◆ Task to carry out
Pictures are to be left out, and only the lines from the one with "2013 Ford Focus" through the last line of the listing below are to be repeated exactly.

◆ Dataset extract
★ ★ ★ ★ ★

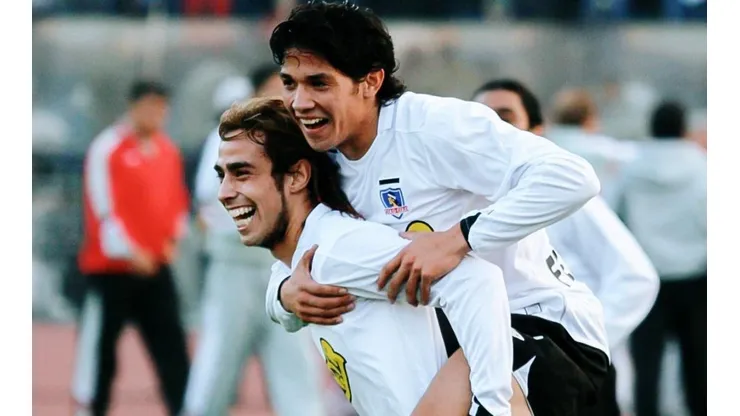 Matías y Valdivia se vuelven a encontrar para levantar a Colo Colo en su peor momento.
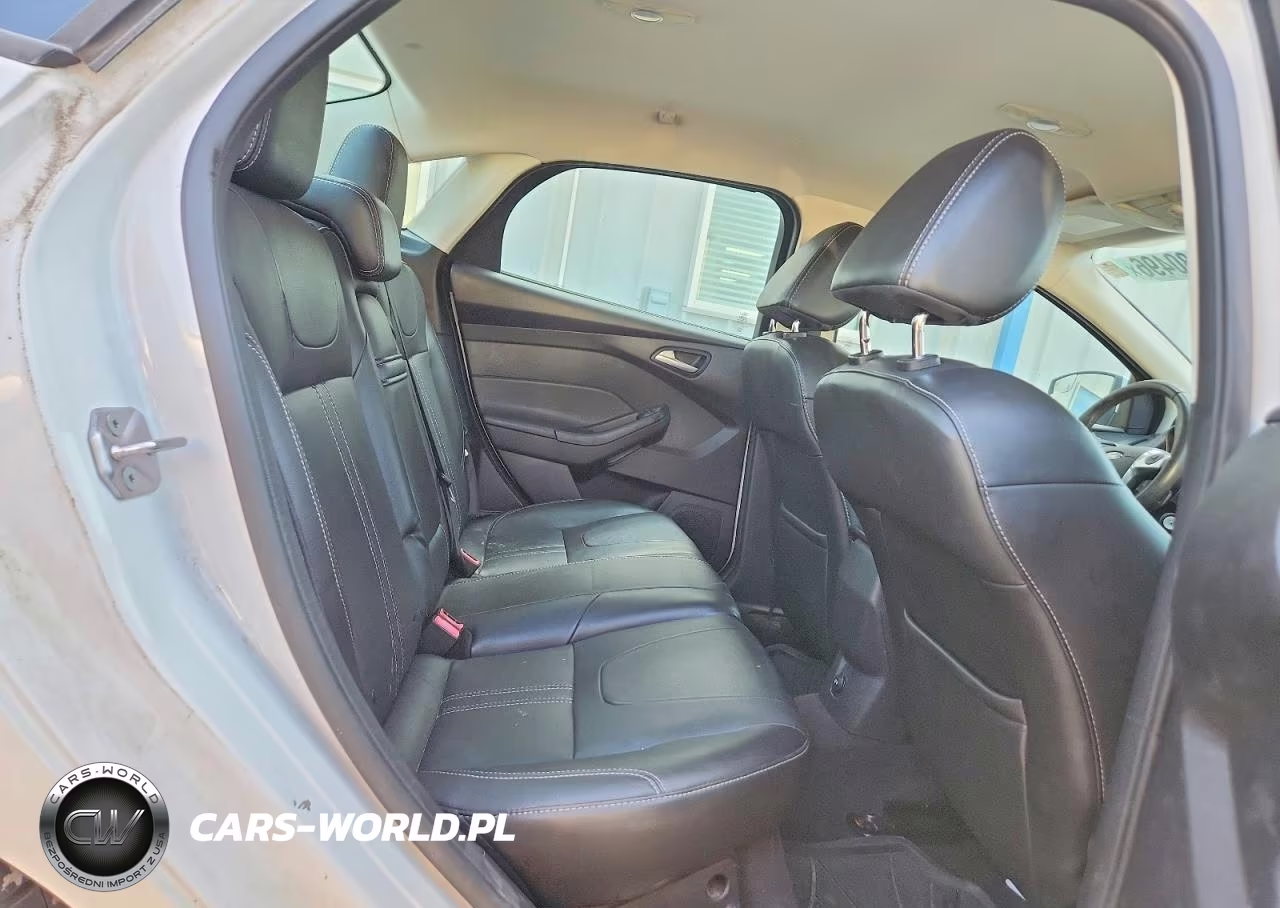 2013 Ford Focus Se VIN:1FADP3F28DL121408 - 10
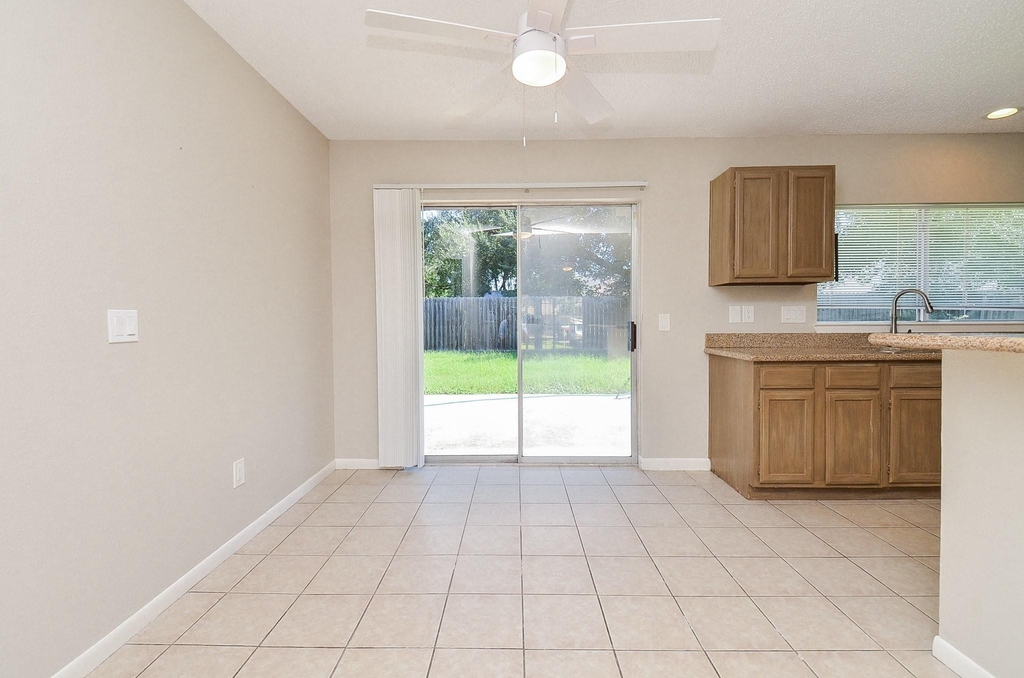 22630 Powell House - Photo 10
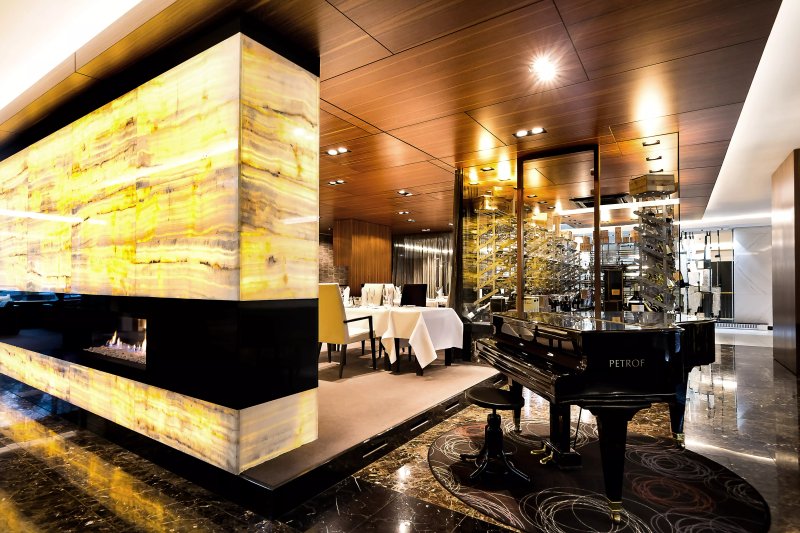 Siesta Lobby & Wine Restaurant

★ ★ ★ ★ ★

◆ Result of the task
 2013 Ford Focus Se VIN:1FADP3F28DL121408 - 10
 22630 Powell House - Photo 10
 Siesta Lobby & Wine Restaurant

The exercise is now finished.